Greg Van Avermaet of Belgium out-sprinted Jakob Fuglsang and Rafal Majka on the long run to the finish at Copacabana Beach on Saturday to win the men's Olympic road race.
Van Avermaet threw his arms in the air and let out a roar when he crossed the line, blowing a kiss to the sky after the biggest victory of his career. Fuglsang followed him to take silver and Majka appeared content with bronze.
His victory came after Italy's Vincenzo Nibali, one of the prerace favorites, and Colombian counterpart Sergio Henao crashed while trying to navigate a corner on the final harrowing descent of the 6-hour race.

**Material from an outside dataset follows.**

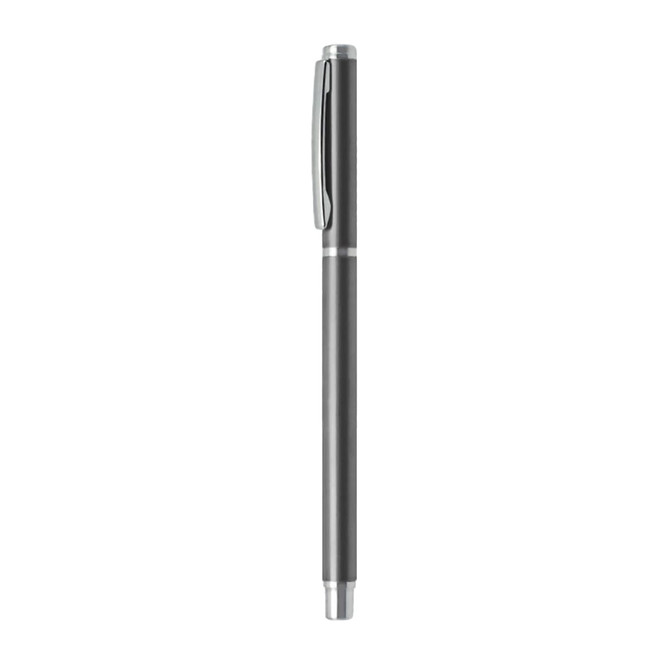 A sleek black aluminium gel pen with a silver accent and a clip. The pen features a smooth, minimalist design.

The riders were going so fast that TV cameras on motorbikes couldn't keep up, so it was unclear what caused them to crash. Both were still on the pavement when the cameras reached them — just in time to see Majka slicing through the shadows and riding away.
Known more for his climbing chops, Majka was eventually reeled in as the race neared the finish, where a sun-splashed crowd that had spent the day on the beach gathered to welcome them.
It was unclear whether Nibali was seriously injured, though he will no doubt reflect painfully on his squandered chance. The hard nature of the course offered a rare opportunity for the Giro d'Italia winner and former Tour de France champion to compete for gold.
The long course was tightly guarded by police, no small challenge in a host country that has been dealing with spikes in crime. The only incident occurred a few hundred meters from the finish line, where a bomb squad detonated an unattended bag hours before the riders arrived.
The race rolled off to the soundtrack of crashing waves and under clear, sunny skies buzzing with helicopters — some carrying TV cameras, others from the military to provide security.
Riders headed along the brilliant beaches of high-end neighborhoods Ipanema and Leblon, then began attacking each other on their way south. The day's break quickly formed when six riders slipped away and built a gap of nearly 8 minutes, among them former world champ Michal Kwiatkowski of Poland.
The brutality of the course became evident over the cobblestone sectors.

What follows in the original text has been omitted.